Economies of scale: Because a mutual fund buys and sells large amounts of securities at a time, its transaction costs are lower than what an individual would pay for securities transactions.
Types of Mutual Funds in Pakistan
The mutual funds industry has introduced many attractive products in the last twelve years or so which are especially attractive for the small investors/ savers and it is precisely this sector which is most important for mutual funds to target and develop. Until the end of the 1990s the only categories of mutual funds in Pakistan were equity and balanced funds in both classes of mutual funds i.e. closed end and open end. Since then, the mutual fund industry introduced many new products suited to meeting the investment needs and risk appetite of a very broad cross section of the investing public such as Pension funds, Money Market Funds, Fund of Funds, Income Funds, Capital Protected/Preservation Funds, Index Tracker Funds, Commodities Funds and Income Funds for investment return to be paid monthly, quarterly or annually. In addition, the mutual funds industry also offers Shariah compliant funds under each of the categories mentioned above. These categories of funds cater to the needs of all type of investors, those who want to invest to supplement their current income and do not want to take risk and those who want to invest for long term growth and to meet their retirement needs.

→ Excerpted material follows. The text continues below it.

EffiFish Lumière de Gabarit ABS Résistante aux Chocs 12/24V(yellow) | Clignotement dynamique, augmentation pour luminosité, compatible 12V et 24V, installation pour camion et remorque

The growth trend in these is as shown in the table below:


Therefore, an investor has a range of mutual funds to chose from for investment and investments should be made in a mix of funds keeping in consideration one's objectives of savings/investments which includes: Return needs, Risk Tolerance, Time horizon and Liquidity needs.
Way Forward
- Early resolution of Court cases and removal of tax anomalies
It is important for the mutual fund industry's survival and growth that the tax anomalies are removed and a conducive environment is present for the industry to do its proper role in the economy as it does internationally. Mutual Funds are the biggest savings avenue worldwide which unfortunately has not been the case over here in Pakistan. While on hand Government is offering high returns on fixed rate Government instruments and schemes making it difficult for market return instruments such as mutual funds to compete, on the other hand it is also imposing double taxation and levies on the mutual funds that are not present on other investment avenues.

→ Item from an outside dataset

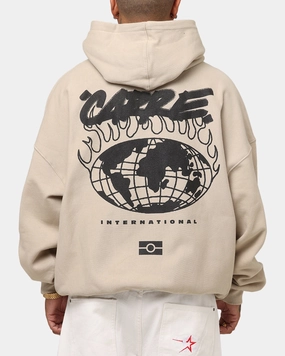 group outing Motivate Carre Passport Hoodie Stone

It is very clear that WWF is not applicable to mutual funds (also supported by the relevant Ministry of Labour) and yet the matter has been pending since June 2010. Similarly, double taxation on savings products like FED and the sales tax jurisdiction conflicts between SRB & PRA has only resulted in resources to be diverted to fight these in courts instead of being employed to expand and grow the savings rate in the country. A level playing field between mutual funds and other savings and investment avenues is must for mutual funds and pension funds industry to grow and promote savings and investments in the country which is currently at the lowest in the region. MUFAP understands the significance of the issue for investor and industry interest and is actively following up its resolution through the Courts and Government of Pakistan.

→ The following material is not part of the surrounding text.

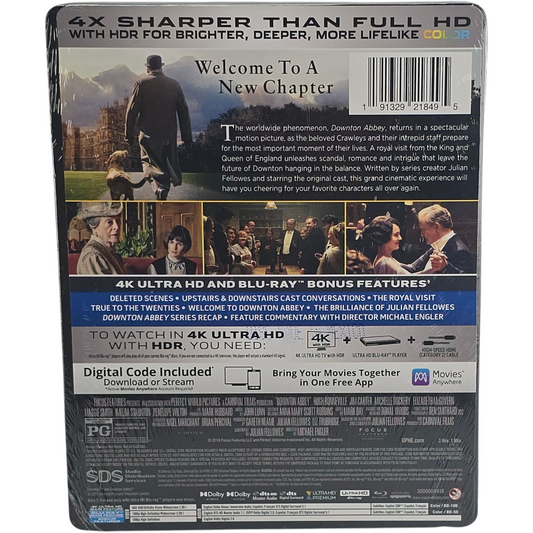 Downton Abbey (2019) – SteelBook 4K Ultra HD + Blu-ray – Zone A – vue 3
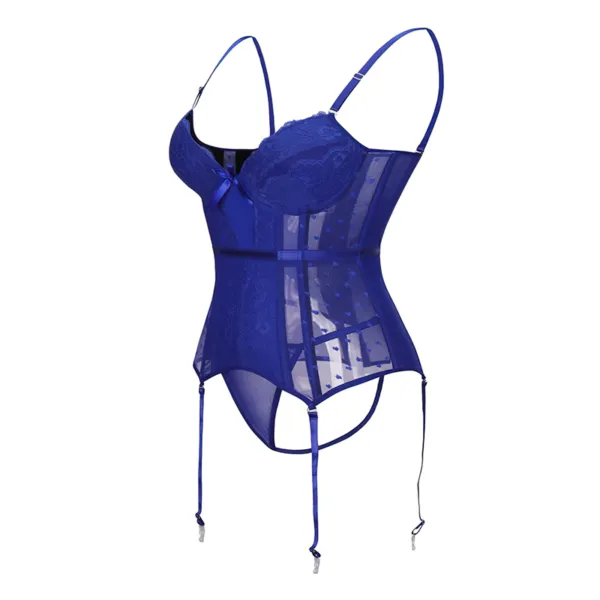 Blå bustier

- Public Awareness and Education to Expand the Retail Investor Base
It is imperative for long term sustainable growth of the mutual funds industry that the retail investor base increases. Asset Management Industry vis-a-vis the Banking Sector presents a bleak picture, not only in terms of assets under management, but also with regard to participation and outreach to the general public. Currently, asset management companies are offering a diversified range of mutual and pension funds to meet the risk appetite of investors, yet the awareness in the masses is lacking of the options available to them. The industry's next focus must be on conducting a comprehensive and sustained public awareness campaigns to bring across to the attention of the individual investors, the diverse investment features and benefits that mutual funds and voluntary pension schemes offer to them. The Government and SECP are also required to facilitate asset managers to promote, educate and encourage investors to save.